Given a pid_t, is there an efficient way to determine what child processes it has spawned?

Ideally you’d like to be notified of these events. You can use DISPATCH_PROC_{FORK,EXEC,EXIT) for this [1]. As with most Dispatch stuff, you need to use the notification as a trigger and then use some other API to catch up with reality. Which brings us to…

I found proc_listchildpids() in <libproc.h>, but there is no documentation for it.

The situation with libproc documentation is less than ideal. Even the techniques described in Availability of Low-Level APIs don’t help. I encourage you to file a bug requesting better docs.

Note It may be better to file your bug against macOS rather than against the developer documentation. This sort of stuff is usually documented in doc comments or man pages.

If you do file a bug, please post your bug number, just for the record.

On the plus side, the libproc code is in Darwin, nested in XNU source.

as far as I can tell there's no way to know up front how much space I should allocate.

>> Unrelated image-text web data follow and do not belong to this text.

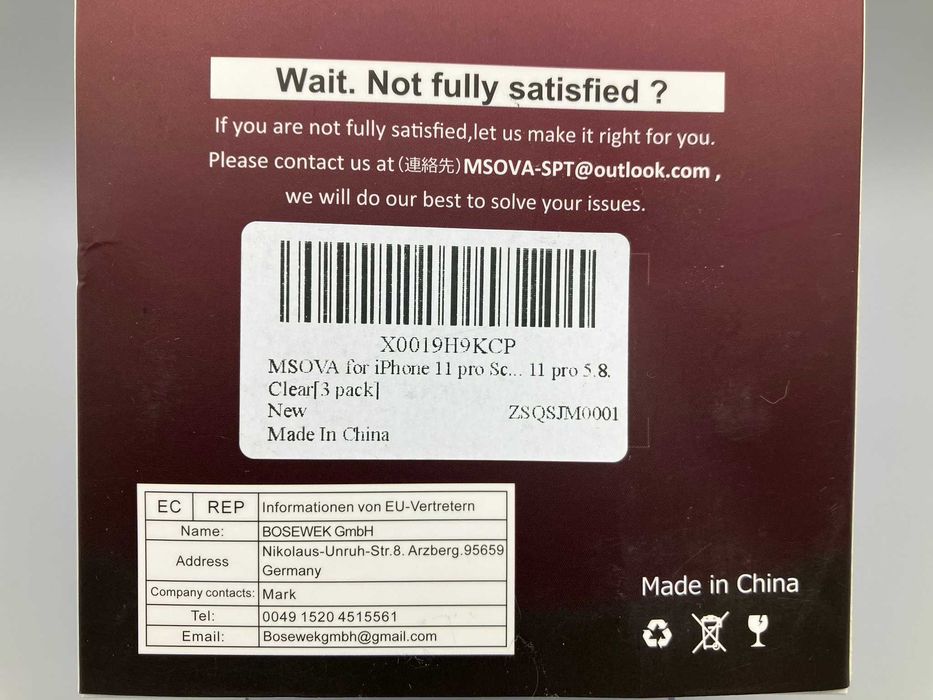 Захисне скло iPhone 11 Pro New
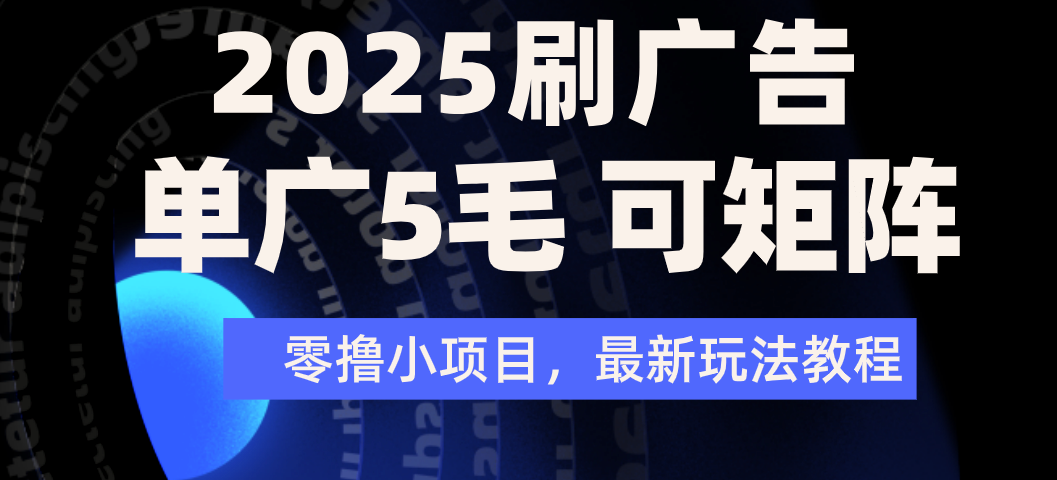 2025年零撸刷广告变现，单广5毛，可矩阵放大操作-荔枝网络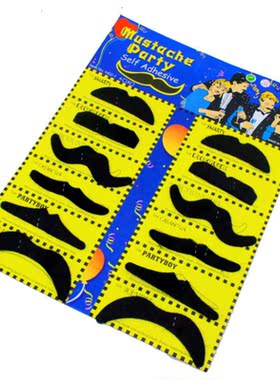 Black simulation beard Halloween props fake beard and beard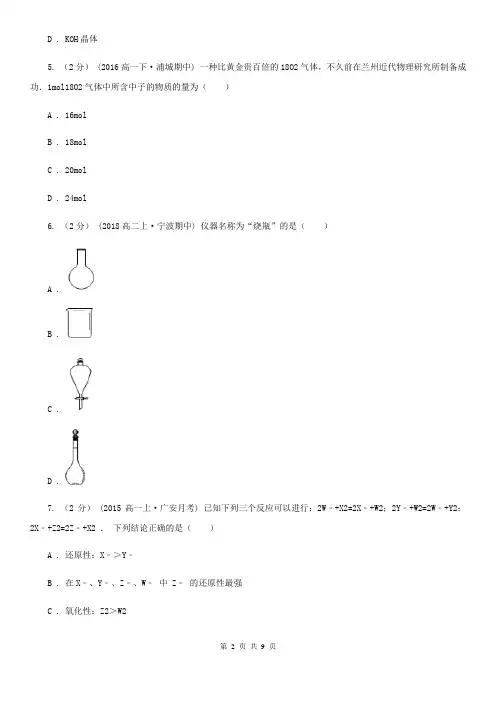 广州市高一上学期化学期中考试试卷A卷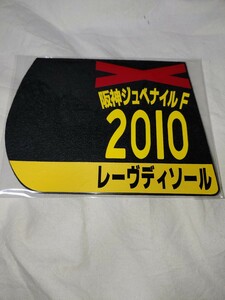 【送料無料】　ミニゼッケン　コースター　レーヴディソール　阪神ジュベナイルフィリーズ　2010年　JRA 競馬　競走馬 ウマ娘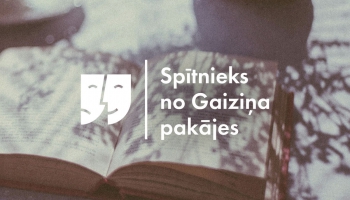 Pirmatskaņojums. Kaspars Pūce "Spītnieks no Gaiziņa pakājes". 1.daļa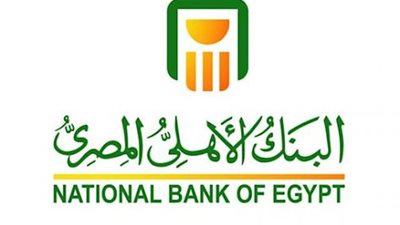 البنك الأهلي المصري يطور نظام التركات لتسريع صرف الأنصبة وتبسيط الإجراءات للورثة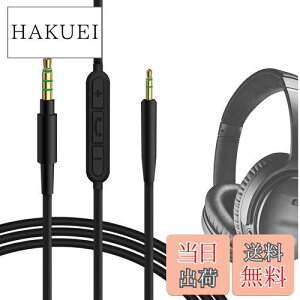 yzGeekria P[u݊ I[fBIR[h {[Y Bose QuietComfort SE, QuietComfort Ultra, QC SE, QCSE, QC45, QC35 II, QC35, QC25, ANC700, NC700 wbhzP[uA2.5mm ɓK CC}CN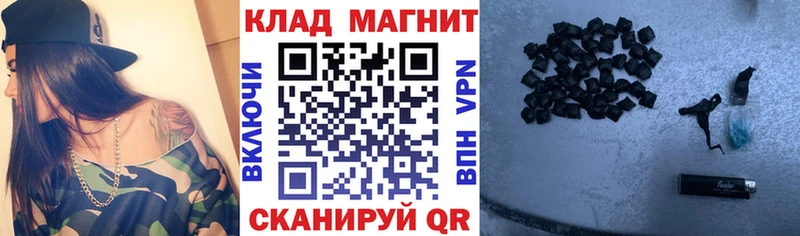 Купить наркотик аптеки Старый Оскол АМФ ГАШИШ Конопля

Right. This is one of those Unix-y APIs that require you to guess and then tell if you’re wrong )-: I see a few choices here:

  • Do the ‘call it twice’ dance.

  • Pick a number that’s likely to work and call it again if you were wrong. The vast majority of processes only have a few active children at a time, so a number like 100 will work in most cases.

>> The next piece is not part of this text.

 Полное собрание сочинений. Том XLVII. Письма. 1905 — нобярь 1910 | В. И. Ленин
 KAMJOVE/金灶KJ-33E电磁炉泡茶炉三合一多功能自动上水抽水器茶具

  • Allocate a buffer based on the value returned by the kern.maxproc sysctl. That value is currently 9,000 so the buffer wouldn’t be too big. And, as you’re doing this a bunch, you could reuse it.

As to what the ‘call it twice’ dance actually looks like, the call doesn’t return the number of processes but the number of processes returned. So, if the return value times sizeof(pid_t) matches the buffer size, you know you have to call it again with a bigger buffer.

given a pid_t, is there a way to get notified when that process spawns a child process … ?

See above.

while that's in the general area, it looks like I'd have to do a fair amount of secondary bookkeeping to keep track.

Yep. As I said, the nature of Dispatch makes this inevitable. The core issue is that there are notifications, which means that event N+1 can happen before you’re notified of event N. For example, if a process forks a child and the child immediately exits.


Another way to slice this problem would be to use an authorisation mechanism rather than a notification mechanism. The go-to authorisation mechanism for this stuff is Endpoint Security. However, based on my best guess as to what you’re doing with this, I suspect that won’t work for you.

Share and Enjoy

Quinn “The Eskimo!” @ Developer Technical Support @ Apple
let myEmail = "eskimo" + "1" + "@" + "apple.com"

[1] I’m surprised that works. Historically this (well, the underlying kqueue primitive) was just not implemented. But, hey, I guess we fixed that in the decades since I last tried this (-:

Thanks for the guidance as always, I will try to muddle through. :-) I have filed FB13459188 regarding the absence of documentation for the APIs in <libproc.h>, and I will do some exploration with the dispatch sources.